Knight’s myth of goodwill busted by court: Knight v Discovery Communications

The claimant (Andrew Knight) in this passing off action created a series of books, television pilots and television programme proposals relating to the investigation of myths by reference to the term “mythbusters”. He claimed that by virtue of these activities he had established goodwill in the term “mythbusters” when used in relation to books and television programmes concerning the investigation of myths.

The first three defendants were production companies who had produced a series called “Mythbusters”, which the claimant asserted covered the same or similar ground to his own work. The fourth defendant was Discovery Channel, the broadcaster and distributor of those programmes. The defendants contended that “mythbusters” was merely a descriptive name that was therefore incapable of generating the necessary goodwill for a passing off claim.

As Mr Justice Richards observed in his judgment handed down on 24 May, the claimant’s books and television appearances and the defendants’ programmes were “not strikingly similar”. The claimant’s books were aimed at an age range of 8-12, whereas the defendants’ programmes were primarily aimed at the “dads and lads” market. As the judge observed: “to the extent that the claimant’s books and the defendants’ programmes have a common theme, it is that suggested by the title: each investigates improbable events or stories in an entertaining way.”

In rejecting the claim, the judge found that a mark such as “mythbusters” that was descriptive would only be protected if it could be shown to have acquired a secondary meaning, and thereby to have become distinctive of the claimant’s activities. The judge found that the term was descriptive to the extent that it informed the reader/viewer that the book/programme was about people who investigated and debunked “myths”. However, that did not mean that goodwill could not attach to it. It was not a word that would be used in ordinary speech to describe a book, person or activity but had been adopted as a descriptive title for a series and was therefore capable of generating goodwill for the purposes of a passing off claim.

The judge also found that even a modest reputation could be sufficient for a passing off claim, but at some point a reputation might exist amongst such a small group of individuals that it would cease to count. The minimum degree of goodwill acquired for a passing off claim was a matter of fact and degree and a passing off claim could not be sustained to protect goodwill which was trivial.

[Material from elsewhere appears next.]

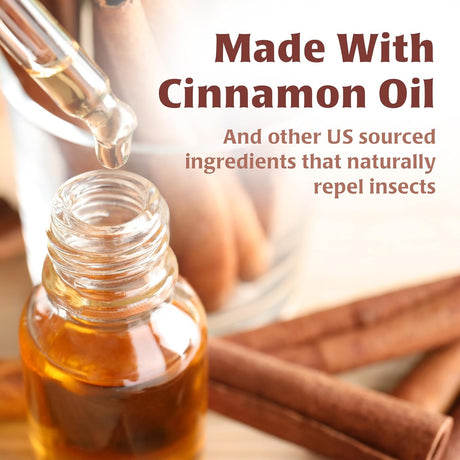 Bottle of cinnamon oil with a dropper and cinnamon sticks, labeled 'Made With Cinnamon Oil'.
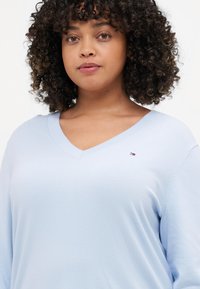 Lyseblå v-hals genser laget av mykt stoff, med lange ermer og en liten logo på brystet. Glatt tekstur med søm detaljer.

In this case, although the claimant had shown that he had initially established goodwill in the term “mythbusters” to describe the investigation of myths for children of primary school age on a minor scale, that reputation had significantly diminished by the time that the defendants’ activities began, and by that stage it was insufficient for the purposes of a passing off claim. The judge also found that the claimant had failed to establish any actual loss or real likelihood of loss.

The judge was critical of some of the claimant’s evidence. In particular the judge found that some of the figures provided by the claimant for sales of its books were “inflated”. The judge also observed that it was clear from the evidence that the term “mythbusters” had “been used in a wide variety of contexts, including some which pre-dated its use by the [claimant], for example an article published … in 1985. Other examples include an NHS website, a mental health users group, a survey on the BBC Radio 1 website, the Sustainable Office Forum and a golf magazine.”

This weak and speculative claim, advanced on a Conditional Fee Arrangement with considerable legal resources on both sides, culminated in a High Court trial lasting nearly two weeks in February this year. The investment of such resources indicates the value of the goodwill in catchy terms that identify a popular TV series or brand.